DUBLIN . . . the city of words and
The UNESCO City of Literature
Babbie De Derian, travel, food & spa editor
The train ride from Belfast to Dublin takes two hours. I taxi to “the best address in Dublin”, and check into The Merrion Hotel, the recipient of a dazzling array of awards, and a member of The Leading Hotels of the World.
In front of The Merrion Hotel
There are many great ways to explore and discover Dublin: I begin by picking up a Dublin Pass at the tourist board office; it gives me free entry to 31 visitor attractions. I then jump on the hop on/hop off bus for the city tour. The bus travels both sides of the river and through Phoenix Park, the largest in Europe. Developed as a royal hunting ground, it opened to the public in 1747. Aside from one of the oldest zoos in the world, it also houses the residence of the President of Ireland.
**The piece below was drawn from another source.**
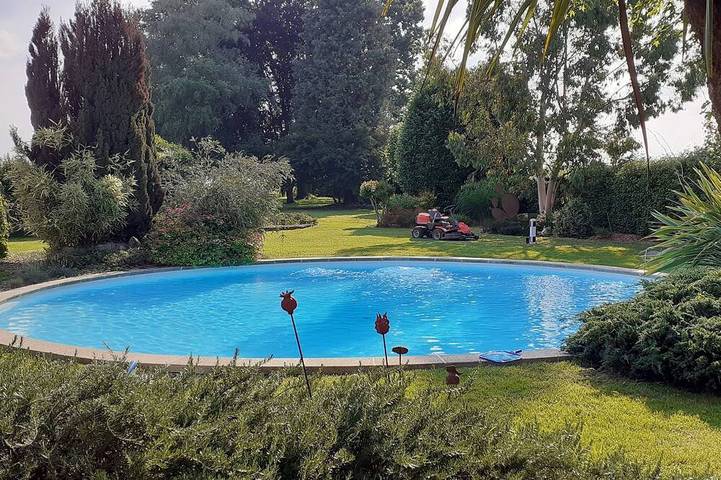 Location de vacances pour 6 personnes dans Beuste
Electric pedi-cab, another great way to see city
Dublin tour bus stops at the National Gallery
The streets of Dublin are full of surprises
Dublin is: a cultural city with literary connections; a place to linger. One of only four cities in the world to receive a UNESCO designation, this storytelling city of spoken and written words is home to four Nobel laureates and a magnet that draws writers of worldwide stature. I spend time in the National Library, viewing the Yeats Exhibition, at the Dublin Writer’s Museum and James Joyce Tower, cross the Samuel Beckett Bridge, and rest at the Oscar Wilde statue.
The Merrion Hotel was created from four magnificent Georgian style landmark buildings; to quote hotel manager, Peter MacCann, “We have given back the grace and elegance of the 18th Century to four important landmark buildings, and we have embellished them invisibly with 21st century technology.”
My junior suite, serenely furnished in soft period colors with a mix of patterns, textures and 18th Century style furniture, is a welcome sanctuary. The hotel staff is appreciatively attentive and always quick to ask “can I bring you something? “
Sweet treats sent to my room
Executive Chef Ed Cooney, impassioned by his love for art and cooking, is a creative tour de force in Dublin’s culinary world. Dinner in the Cellar Restaurant is a stellar gourmet experience, thanks to Ed’s company and that of restaurateur Tom O’Connell, a member of Good Food Ireland.
I glance at the menu; it is impressive, innovative and inviting. I decide to pass the baton to Chef, and have him orchestrate a special symphony of flavors. For starters: we are served a Carbury Chicken and Rabbit Terrine, garnished with pear puree and mushrooms a la Grecque … and the Crisp Fried Calamari with Arrabiata sauce and herb oil. Both are beautifully presented and savory, paired with a German Riesling. For our main course, the Skeaghanore Duck Breast, with lentils, spiced carrot puree, shallot jam and parsnip crisps is superb; it challenges my taste buds … and the spiced monkfish with curried butternut squash, steamed bok choy and basmati rice is a delicate fusion of Asian and Indian spices. We sip a light pinot noir which compliments both dishes. It’s hard to resist the selection of signature chocolate deserts, including an orange colored chocolate ball that oozes cream when I dig into it.
Ed Cooney tells me: “Dublin’s gastronomic scene is exciting. Modern Irish foods now have an identity and appeal all their own. We have a new generation of highly qualified and motivated young people. I want to demonstrate this new energy and focus on Irish cuisine with a simple uncomplicated menu, using the best quality Irish ingredients”.
Executive chef Ed Cooney makes my evening
The duck is succulent and tender
An orange made of chocolate
The future of Ireland’s Culinary Revolution; leads back to the source, and Good Food Ireland is leading the way. This association of organic farmers, cheese makers, fisherman, chefs and pubs is on a mission to bring back the healthy production of local food, and to teach the value of supporting the integrity and passion of small producers.
The next day, I wander the city on foot; meeting friendly locals, exploring one neighborhood after the other, Street signs with arrows pointing to every tourist attraction make it difficult to get lost. I only have two days in this intriguing “City of Literature”, but hopefully, I will have an opportunity to revisit during DUBLIN CONTEMPORARY 2011, a citywide celebration from September 6th to October 31st.
The most happening places in town
ART TEA at the Merrion is a witty and uniquely creative treat that includes a selection of signature desserts, inspired by the hotel’s impressive art collection. With works by artists such as Sir John Lavery, Jack B Yeats and Paul Henry (all of whom are represented in the National Gallery of Ireland just across the road from the hotel) the collection is one of the finest and largest private collections of contemporary Irish art in the country. Drawing from this rich source of inspiration, pastry chef Paul Kelly and executive chef Ed Cooney brought nine paintings to edible life as centerpieces for their new Art Tea. In choosing the Coconut and Blueberry Macaroon, inspired by Louis le Brocquy’s “Woman in White”, I have my Art … And Eat it!
The Ritz-Carlton sends a car, and I am off on yet another venture... Thrilled to go where Ireland takes me.